Kenya orders UN to move massive Somali refugee camp

Nairobi has given UN three months to move the camp over the border into Somalia.

Kenya demands world''s largest refugee camp be moved to Somalia
The United Nations puts the number of registered refugees in the overcrowded settlements of permanent structures, mud shanties and tents, at around 335,000 [EPA]

Kenya has urged the United Nations to remove a camp housing more than half a million Somali refugees within three months, as part of a response to the recent killing of 148 people by Somali gunmen at a Kenyan university.

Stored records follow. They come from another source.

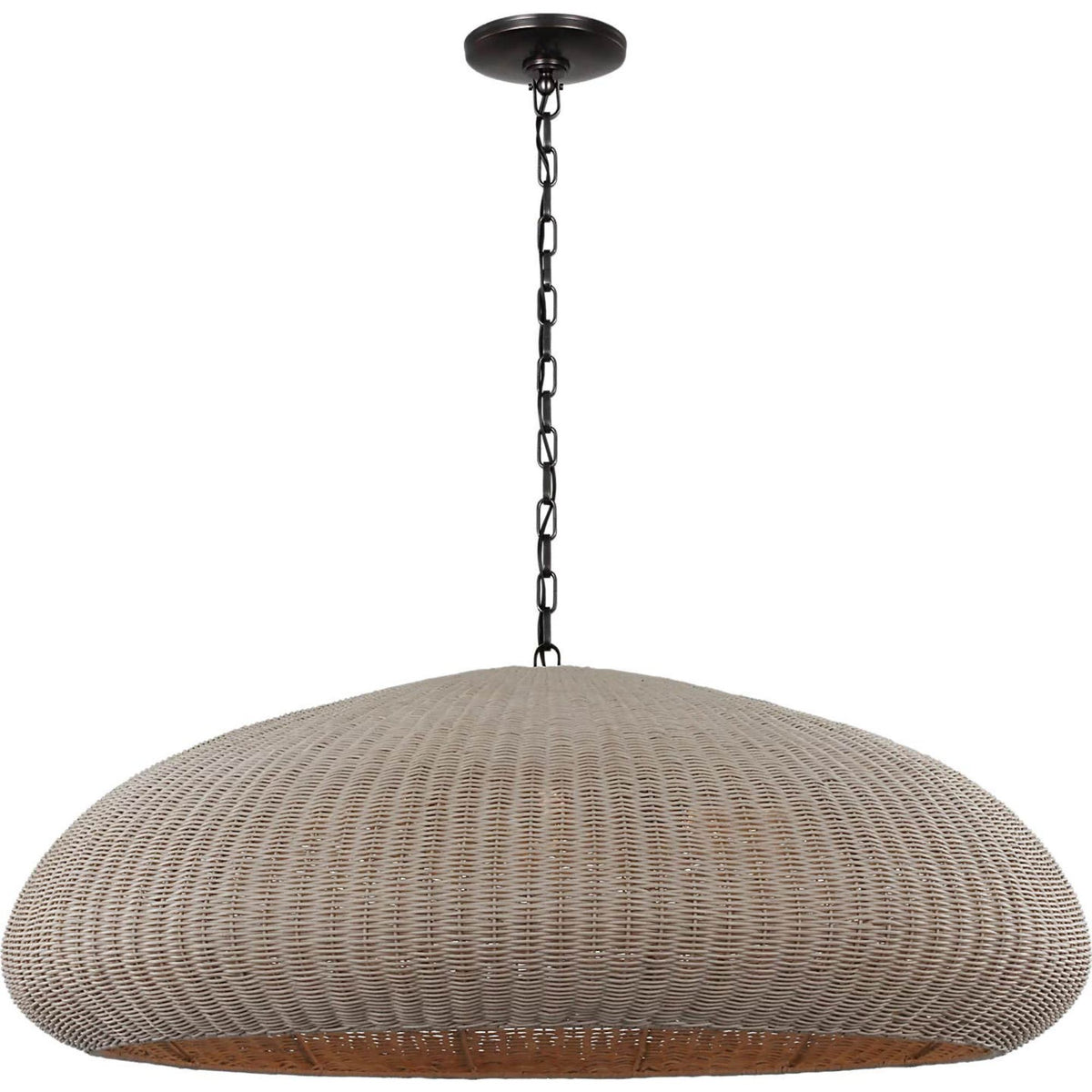 Chapman & Myers Kokomo 44" Wide Pendant in Bronze with Ash Wicker Shade W44" x H16.75"
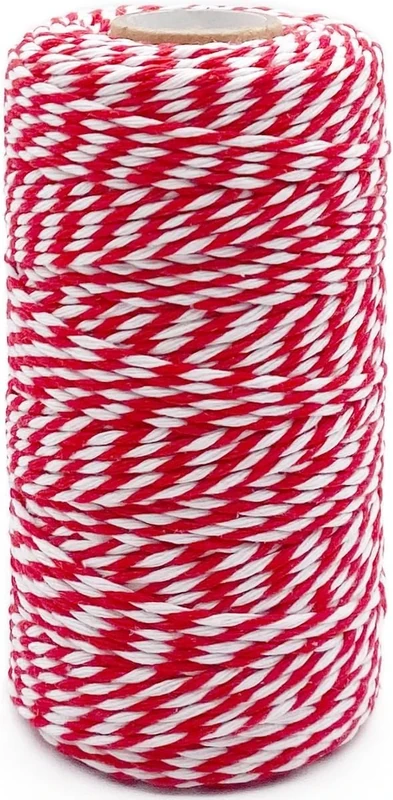Christmas Twine String, 2mm,100m,Red White Baker's String for Crafts, Baking, Gardening, DIY Home Decoration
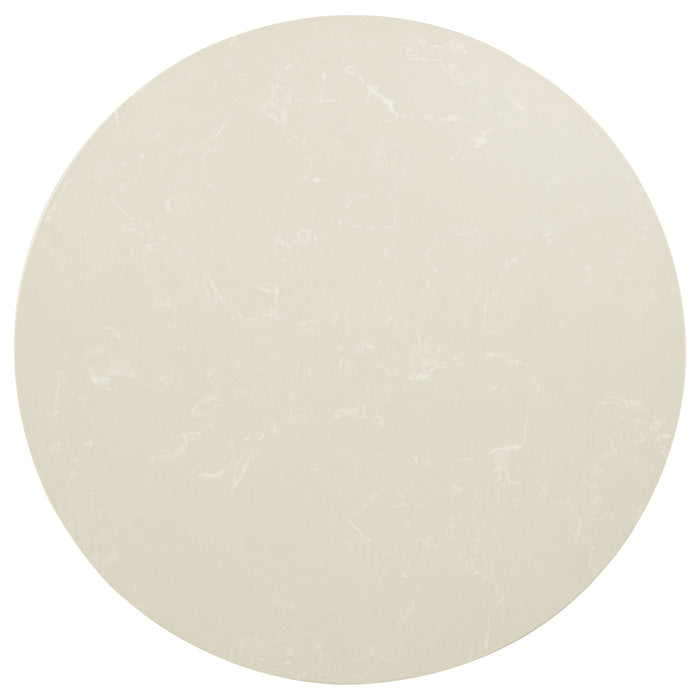 Lucaire Round Cultured Marble Top End Table Honed Cream and Sandstone
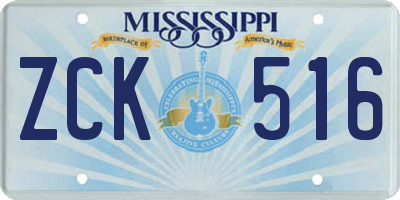MS license plate ZCK516
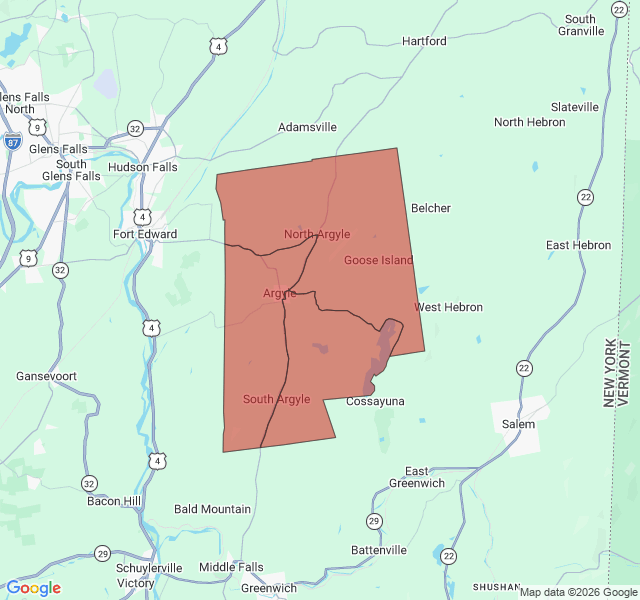 Map of septic coverage in Argyle, NY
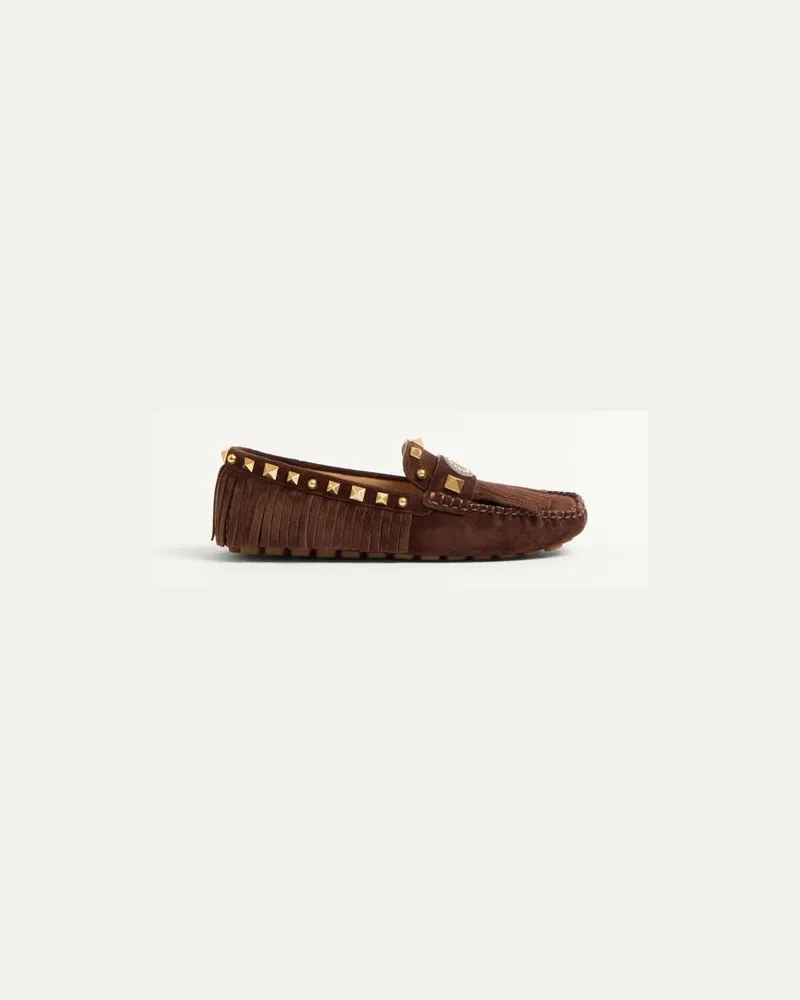Valentino Garavani Plaster Caster Driver Loafer Aus Wildleder Mit Fransen Frau FONDANT Fondant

Kenya has in the past accused fighters of hiding out in Dadaab camp which it now wants the UN refugee agency UNHCR to move across the border to inside Somalia.

“We have asked the UNHCR to relocate the refugees in three months, failure to which we shall relocate them ourselves,” Deputy President William Ruto said in a statement on Saturday.

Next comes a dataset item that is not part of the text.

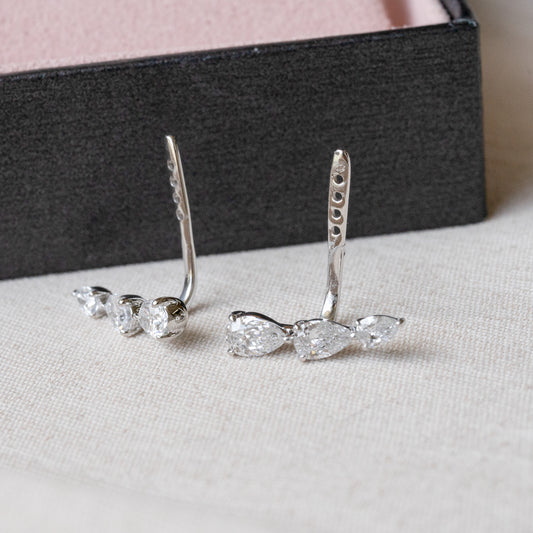 Lab Diamond Collection - Three Pear Diamond Earring Jacket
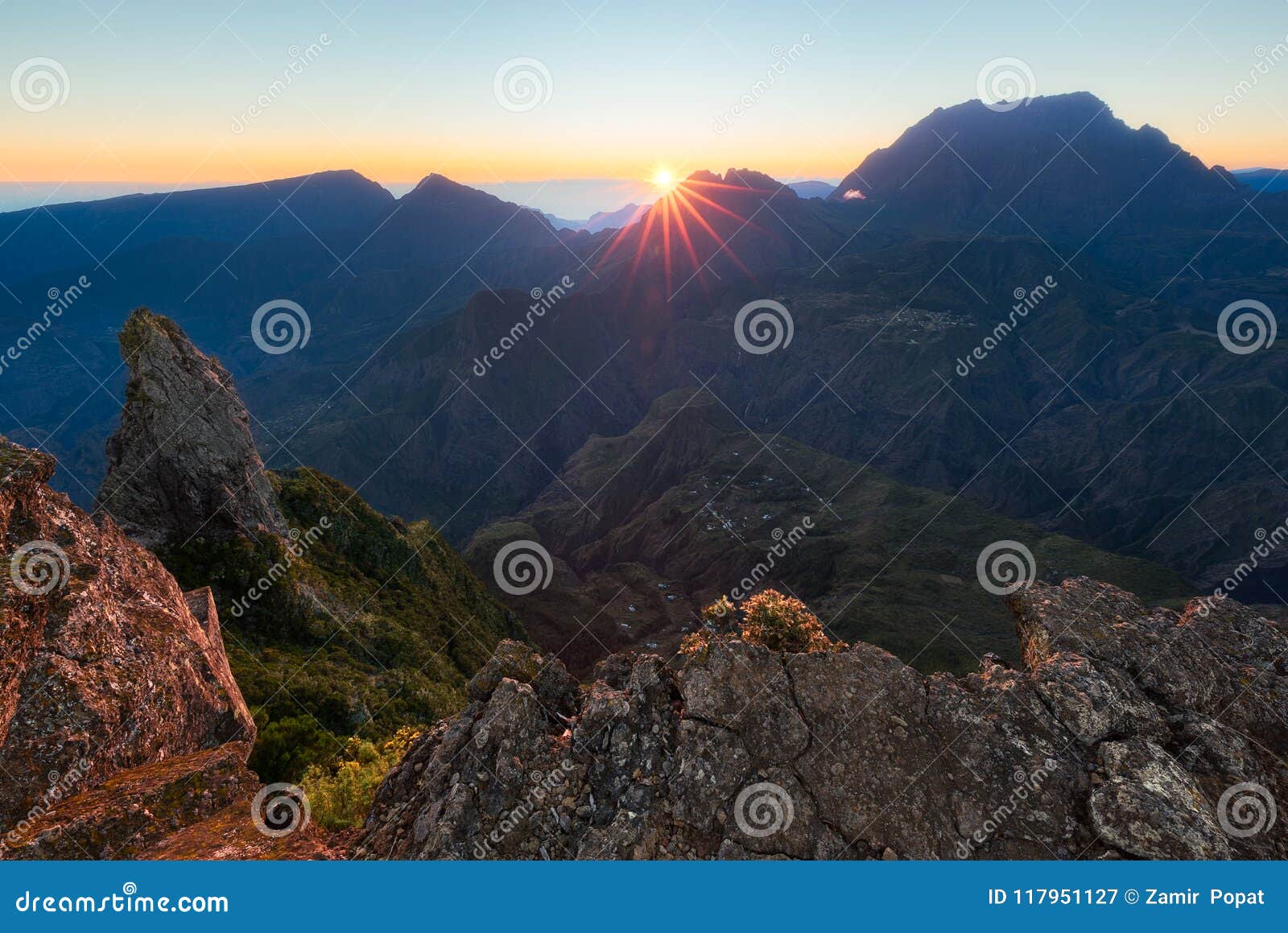 sunset at maido in saint-paul, reunion island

“The way America changed after 9/11 is the way Kenya will change after Garissa,” he said, referring to the university that was attacked on April 2.

Al Jazeera’s Mohamed Adow, reporting from Garissa in Kenya, said that Ruto warned that if the UN fails to remove the camp, the government would do so itself.

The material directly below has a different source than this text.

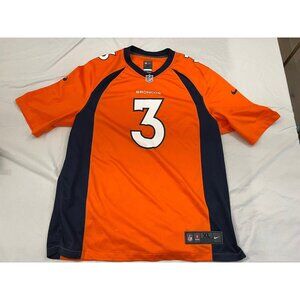 NFL On Field Russell Wilson Denver Broncos Jersey Orange/Blue Size XL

He also quoted Ruto as saying that the move was necessary to secure its border with Somalia, which Kenya has failed to do so because of the camp’s impediments.

The complex of camps hosts more than 600,000 Somali refugees, according to Ruto, in a remote, dry corner in northeast Kenya, about an hour’s drive from Garissa town.

‘Tall order’

The camp was first established in 1991 when civil war broke out in neighbouring Somalia, and over subsequent years has received waves of refugees fleeing conflict and drought.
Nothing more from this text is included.